Julian Opie’s Shaida Walking ©Julian Opie

In 2015 Opie’s animated sculpture Shaida Walking was permanently installed on London’s Carnaby Street. Located in the busiest shopping area of the city, Opie wanted the figure of the walking woman “to stride endlessly as a living drawing and as part of the crowd.” In order to create the work, he filmed a model walking on a treadmill and translated the film into his signature style, stripping the figure down to its essential lines. He then made a hand drawing of each individual frame to create an animated film which is shown on an LED (light-emitting diode) display, of the kind that is normally used for billboards and information panels. In this way he produced a piece that strived to the universality of the signs we encounter in everyday life, such as the global symbol for male and female toilets which Opie claims originally inspired his minimal figures.

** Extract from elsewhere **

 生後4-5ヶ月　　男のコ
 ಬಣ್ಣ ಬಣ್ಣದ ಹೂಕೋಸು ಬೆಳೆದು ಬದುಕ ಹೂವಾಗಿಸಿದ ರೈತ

Julian Opie’s Imagine You Are Driving (Fast) /Jacques/Helmet

While Opie is perhaps best known for his figures and portraits, he also has a strong interest in landscape and how natural features such as trees and hills can also be reduced to blocks of colour and line. The Imagine You Are… series features images of an empty road; curving away from the viewer it is flanked by nondescript greenery and framed by a flat blue sky. Simplified to its essentials, the works recall cartoon or video game backgrounds, and seem to invite the viewer to fill the rest in for themselves. A 2002 variation of the work sees Opie placing a portrait of Formula One driver Jacques Villeneuve next to an image of a racing track. Villeneuve is shown gazing out at the viewer, his head tilted slightly away from us, his face occasionally obscured by his helmet which reflects an advertisement for Lucky Strike cigarettes.

This-is-Shahnoza by-Julian-Opie

Julian Opie’s This Is Shahnoza In 3 Parts 6

Opie has also painted a series of sexualised images of women as reclining nudes, strippers or pole dancers. Perhaps his most famous work in this vein is the This is Shahnoza series which depicts an Iranian pole dancer Opie met in a Soho strip club while searching for someone “who danced well” to pose for his paintings. “I’d bought the pole on the internet;” he explained in a 2011 interview, “I thought I could get more dynamic poses from models.” Shahnoza spent the next two days dancing for Opie at his East London studio, where he took over 2,000 photographs of her from which to work. These images became a series of paintings, prints and LED animations which are highly sought after on the market today.


Julian Opie’s Best Of ©Julian Opie

In 2000 Britpop band Blur released their Best of album, propelling them to the top of the charts once again and making Julian Opie a household name. His award winning cover for the LP featured portraits of each band member arranged in a grid in true Warhol style. Now hanging in the National Portrait Gallery, the print series features the group’s lead guitarist Graham Coxon on an orange background, bassist Alex James on a deep blue, drummer Dave Rowntree on hot pink and finally lead singer Damon Albarn on green. While their faces have been stripped of tone and detail, their eyes reduced to mere dots, each band member has a unique expression and stance, demonstrating Opie’s ability to convey a sitter’s personality in just a handful of lines.


Julian Opie’s James Dyson ©Julian Opie

Created 10 years after the Blur album, Opie’s portrait of James Dyson shows how the artist’s style has evolved in the latter part of his career. Here he depicts the British inventor’s face half in shadow to create a chiaroscuro effect that shows a marked departure from his earlier works. His facial features are also clearly picked out in detail, where before they would have been just lines and dots.